The European Court of Justice (ECJ) has made some limitations explicit; these include people who wish to move solely to claim benefits.
“So member states have discretion over the arrangement of their welfare systems and eligibility conditions, and are entitled to set conditions tied to having a right to reside that only apply to EU nationals, and make it impossible for economically inactive EU nationals to claim benefits.”
“Economically inactive EU nationals must be self sufficient in order to have a right to reside, and EU nationals who are workers must demonstrate that their work is genuine and effective.”

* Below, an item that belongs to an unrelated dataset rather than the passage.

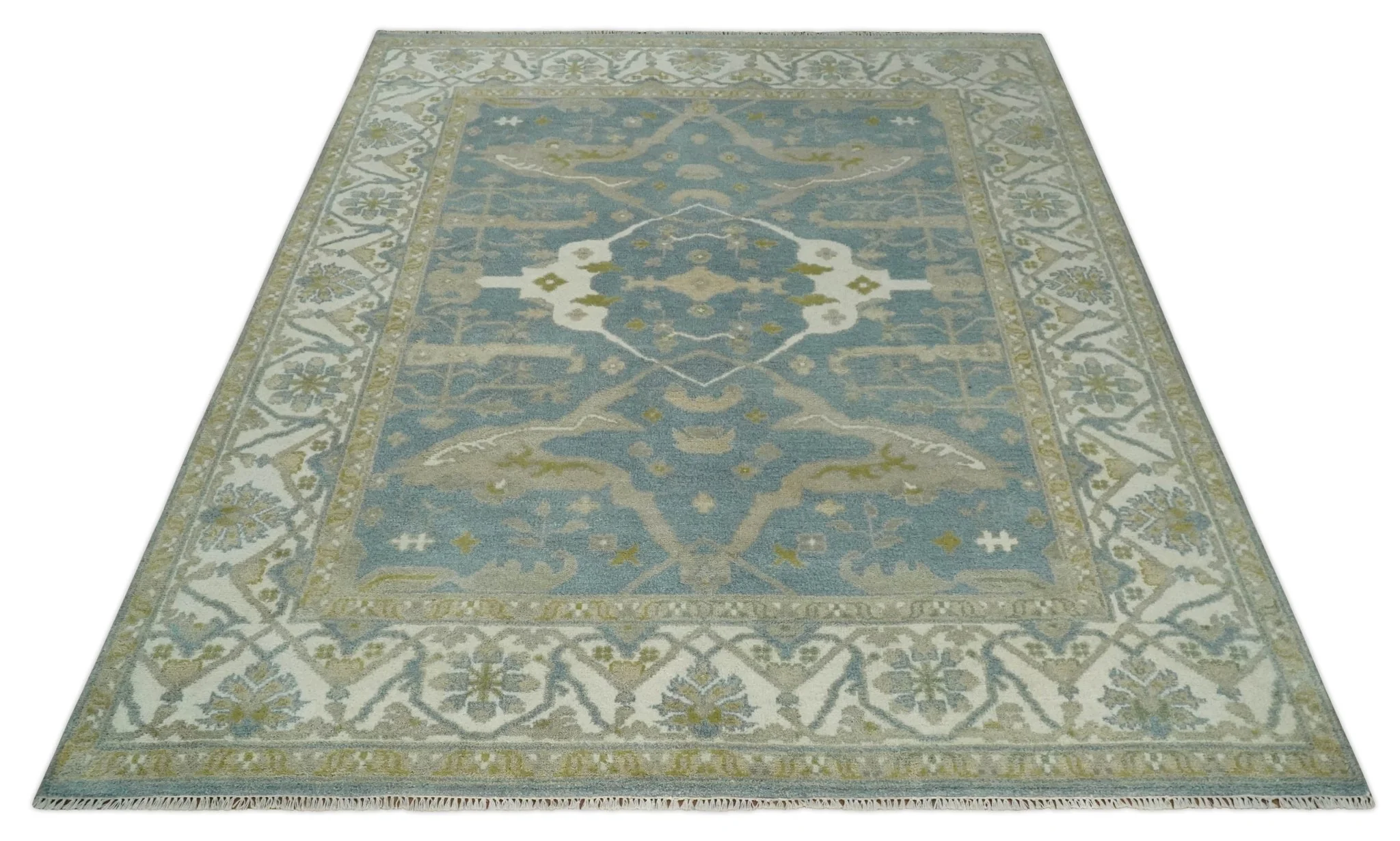 8x10 Hand Knotted Oriental Oushak Gray, Ivory and Beige Wool Area Rug | TRDCP1166810 - Image 10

In short, the British Government has the legal ability to restrict the immigration of EU nationals without the need to alter the current rules. Given that UK businesses want and need to employ capable immigrants and that UK voters want to reduce immigration, the present system could be used to meet both expectations. Britain does not need to abrogate this ‘freedom’ when it leaves the Union; it just needs to comply intelligently.
“By contrast to most EU Member States, the UK [Labour Government] decided not to derogate from the free movement of workers during the seven-year period with respect to nationals of the countries that joined the EU in 2004. In other words, the UK … sovereignly decided to open their labour markets directly from 1 May 2004 with respect to workers from countries such as Poland.”
However, when Bulgaria and Romania joined the EU in 2007 (and Croatia in 2013) nationals of those countries were not allowed to move freely to the UK but had to get Home Office permission to do so, at least for an interim period of seven years, consistent with EU rules.
“Fulfilling the conditions set by the EU, in order to exercise free movement rights, typically means being a worker. This is therefore not uncontrolled migration, but the means of control is not immigration law – it is the labour market, which is the key to a right to reside and to stay in another Member State. This is an important point too often ignored.
“Member States thus have some considerable freedom to limit benefit entitlement to those considered to be contributors, and so to avoid awarding benefits to those perceived to be benefit tourists. It is therefore misleading to suggest, as Theresa May did in August 2015, that EU law would guarantee a freedom to claim benefits.”
The authors ask and answer questions concerning EU law in connection to welfare tourism, abuse and fraud, and removal of criminals. In each case they conclude that existing law is adequate to enable the government to restrict internal EU migration to meet the needs of the UK. There is no such absolute as the “free movement of people”.
“EU free movement rights can only be exercised in accordance with the conditions and limitations laid down in the Treaties and the legal instruments adopted thereunder.”
An inference can be drawn from all this (though not explicitly by the authors) that UK governments have not applied themselves adequately to the task expected of them – to reduce unwanted immigration. Is it possible, having handed over so much responsibility to the EU, that UK politicians have lost the plot and no longer have the ability to interpret and apply EU treaties, laws and regulations for the benefit of the nation? If so, this adds to the complexity of Brexit by requiring us (voters) to raise our expectations of our elected representatives and hold them to a higher standard of performance. Of course, it is exactly consistent with the agenda of the EU’s mandarins that national governments should be infantilised as part of the process of transferring powers to the EU.
There is a lot more detail in the blog post cited but we hope that our simplification of these key points is accurate and clear – and helpful. Our conclusion: Freedom of Movement is not the big issue that it is claimed to be.